* Exercise directions
Please reproduce all of the data exactly as it appears, but skip the pictures.

* Data extract
┄┄┄┄┄┄┄┄┄┄┄┄┄┄┄┄┄┄┄┄

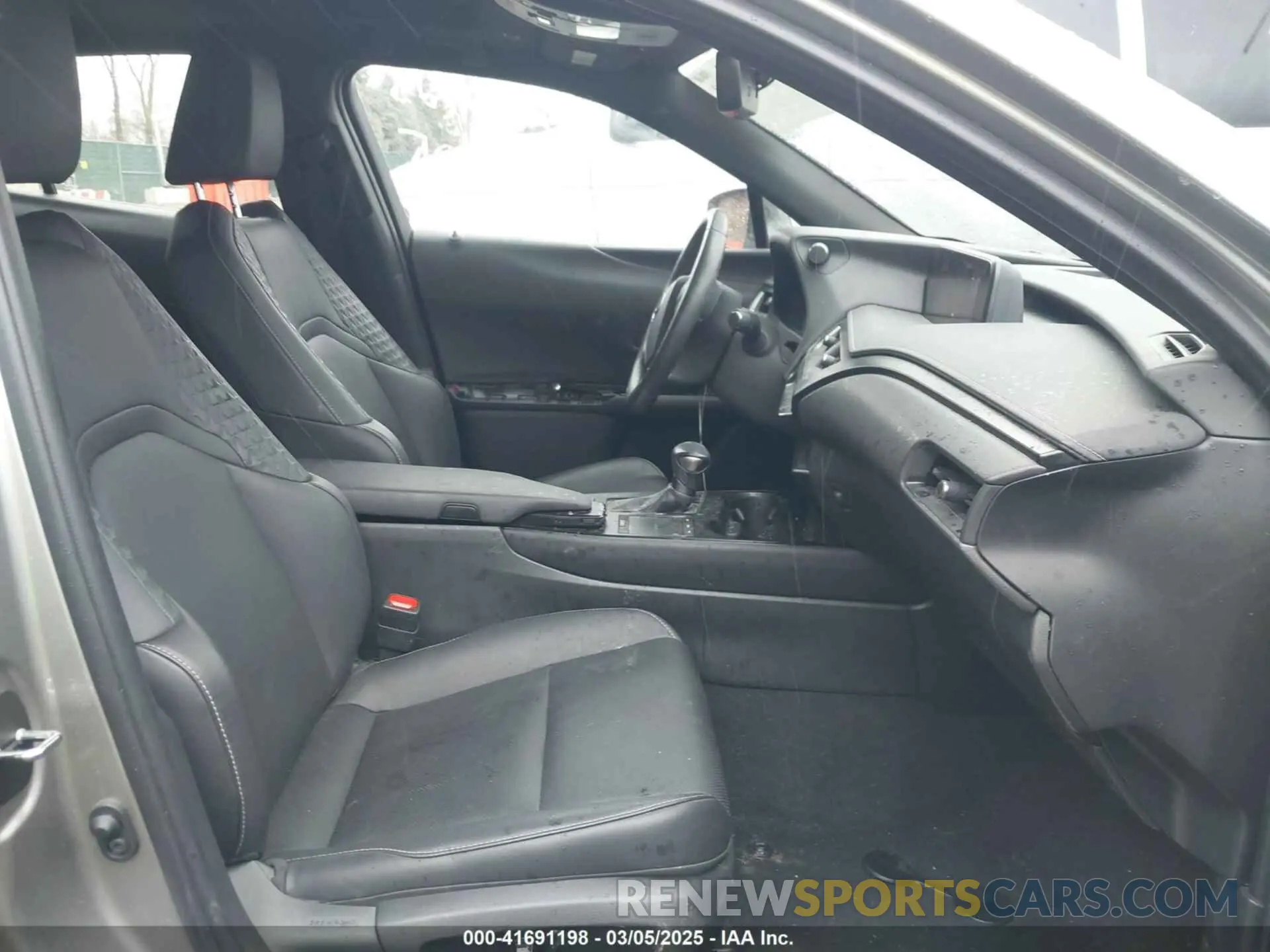 5 fotografías del automóvil dañado JTHY3JBH2K2019965 LEXUS UX 200 2019
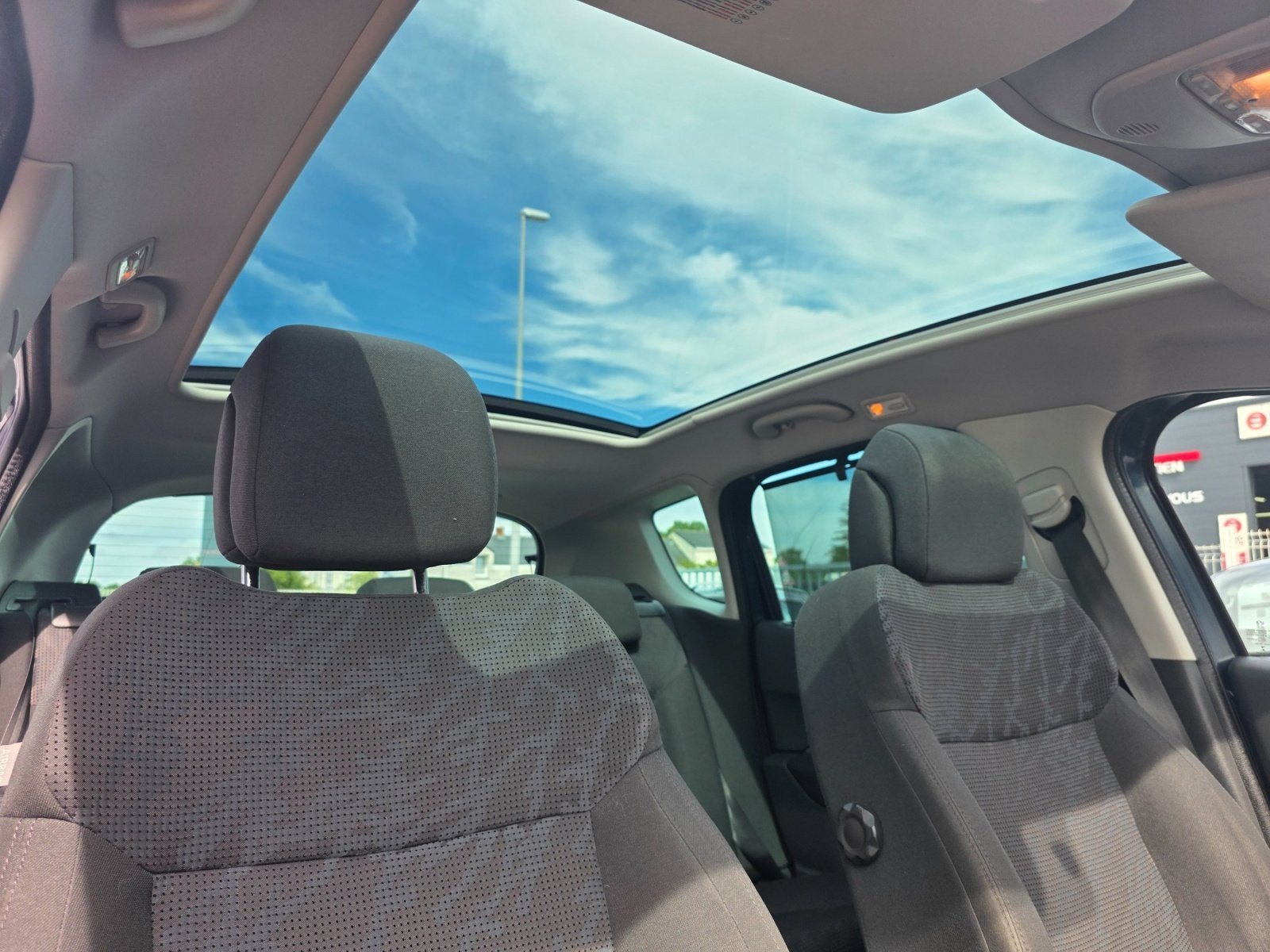 
                                                Voiture
                                                 PEUGEOT 3008 - 1.6 HDi 115 CV ALLURE - 6 CV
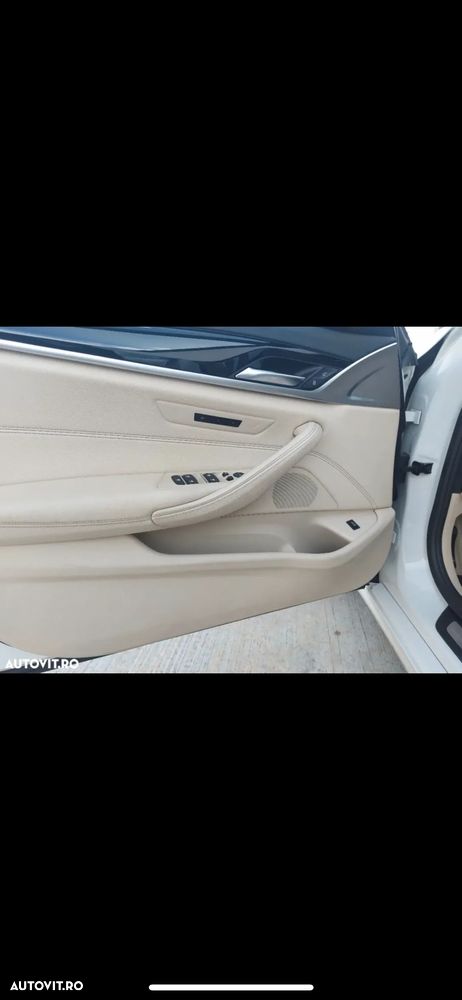 BMW Seria 5 520d xDrive AT - 12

┄┄┄┄┄┄┄┄┄┄┄┄┄┄┄┄┄┄┄┄

* Response box
 5 fotografías del automóvil dañado JTHY3JBH2K2019965 LEXUS UX 200 2019
                                                Voiture
                                                 PEUGEOT 3008 - 1.6 HDi 115 CV ALLURE - 6 CV
 BMW Seria 5 520d xDrive AT - 12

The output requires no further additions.